Traders growing impatient over delayed benefits of East Africa common market pact
Posted Monday, July 9 2012 at 20:56
At an open air market in Uganda, five kilometres from the common border with Kenya, Careen Anyango cuts her phone conversation short to guide men loading sacks of mangoes and pineapples onto waiting trucks.
The mangoes are packed in 90kg sacks and transported to markets in Eldoret, Siaya and Bungoma.
Ms Anyango who has been in the business for the last 11 years is unhappy about operating environment, which she says is getting worse, the reverse of her expectations two years ago when the EAC common market protocol was born.
Not only are the farmers asking for a higher price, citing an increase in the cost of inputs, Ms Anyango says the costs of moving the goods through the border are eating into her profit margins. “We were told that the implementation of the common market protocol two years ago would mean that taxes we pay would drop but instead they have been increased” she said.

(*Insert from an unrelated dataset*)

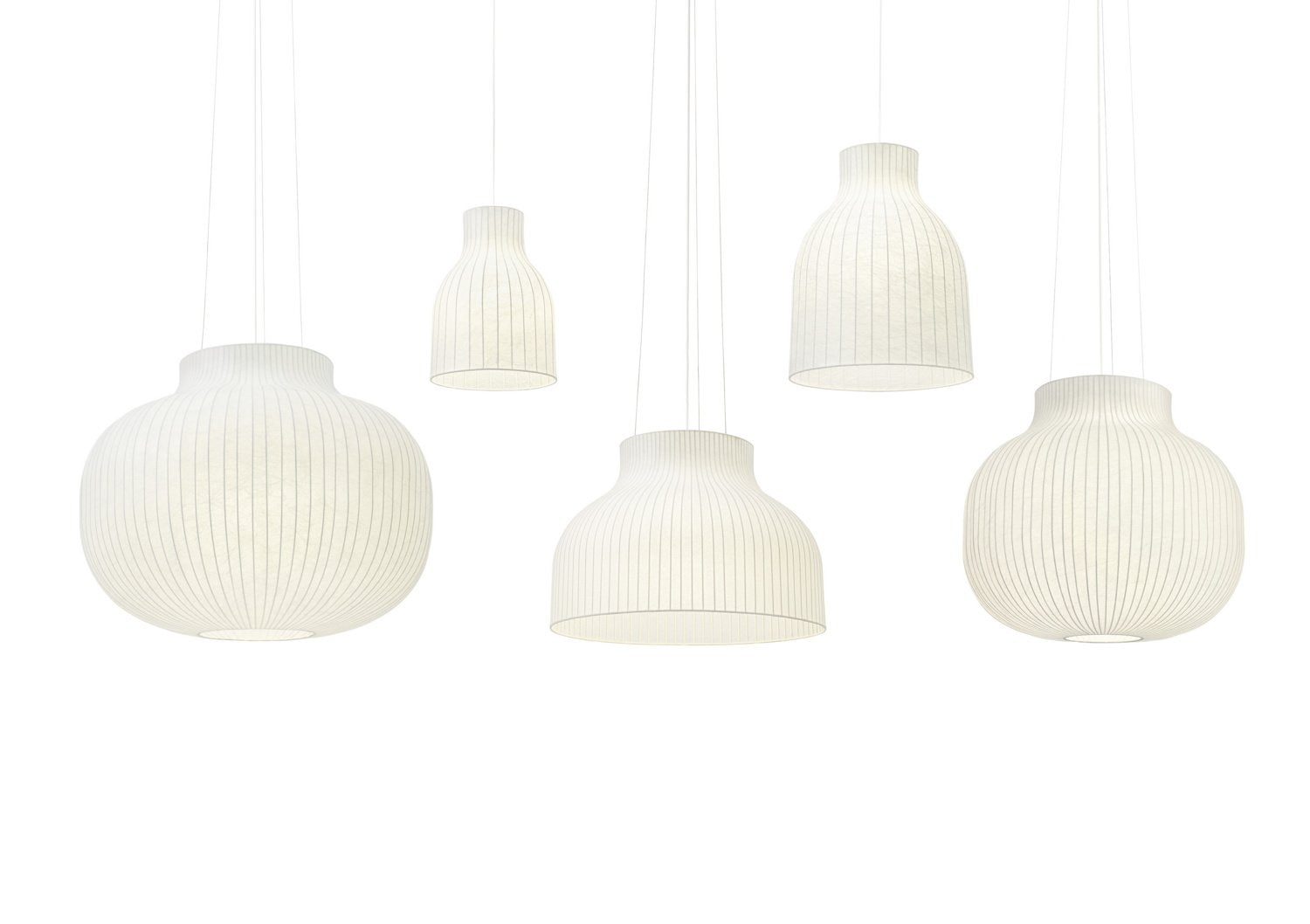 Strand Pendant Light.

Ms Anyango narrates the hurdles that traders go through. “Uganda has a better variety of mangoes and we buy a 90kg bag at between Sh800 and Sh1000 depending on the season.”

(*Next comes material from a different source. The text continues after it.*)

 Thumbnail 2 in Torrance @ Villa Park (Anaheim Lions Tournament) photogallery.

She continues: “When we get to the Ugandan exit border post, the custom authorities charge Sh20 per bag of mangoes. This is a reasonable price compared to Sh100 on the Kenyan side.” Apart from the payment, Ms Anyango says traders are forced to bribe officials for the consignment to be cleared.
Even as the East African Community last week celebrated the second anniversary of the implementation of the common market protocol, Kenyan and Ugandan traders are unsatisfied with the pace of integration of the five-country bloc of 133 million people whose GDP, according to market prices, is estimated at $79.2 billion.
Most traders on either side of Malaba border town complained that corruption, lethargy and discriminatory taxes are still making it difficult to transact business freely.
Fito Michael, a Ugandan trader who exports eggs to Kenya told the Business Daily said fees payable to the Kenya Revenue Authority and the Kenya Plant Health Inspectorate Service (Kephis) have made the business unattractive.
“In Uganda, a tray of eggs goes for Sh250 and we take this across the border into Kenya where the same retails for up to Sh360 in the nearby towns of Western Kenya,” he says.
Consumers in Kenya end up paying a unit price of Sh12 for the eggs and Mr Fito says that this price can be lower were the costs manageable.
“When we come in at the border we pay Sh10 to KRA for every tray of eggs. We add Sh3 for each tray to be inspected by Kephis, which we feel is double payment since Uganda inspects us and gives the green light. An additional Sh2 is paid to the council authorities at the markets where the eggs will be sold.”
Mr Fito says traders factor in these costs in the price they charge to cover other expenses like transport and the profit margins.
The East African protocol that was ratified on July 1, 2010 was expected to harmonise trade within the region by providing free movement of labour, goods and services among the member states of Kenya, Uganda, Tanzania, Rwanda and Burundi.
A report released recently by the East African Business Council (EABC) indicates that the business community in all the member states is facing several hurdles that are slowing down integration of the East African Community.
The East African Community Business Climate Index (EABC-BCI) 2011 report, launched in Arusha says customs procedures and administrative requirements are the most severe among the non-tariff barriers followed by police, weighbridges and immigration.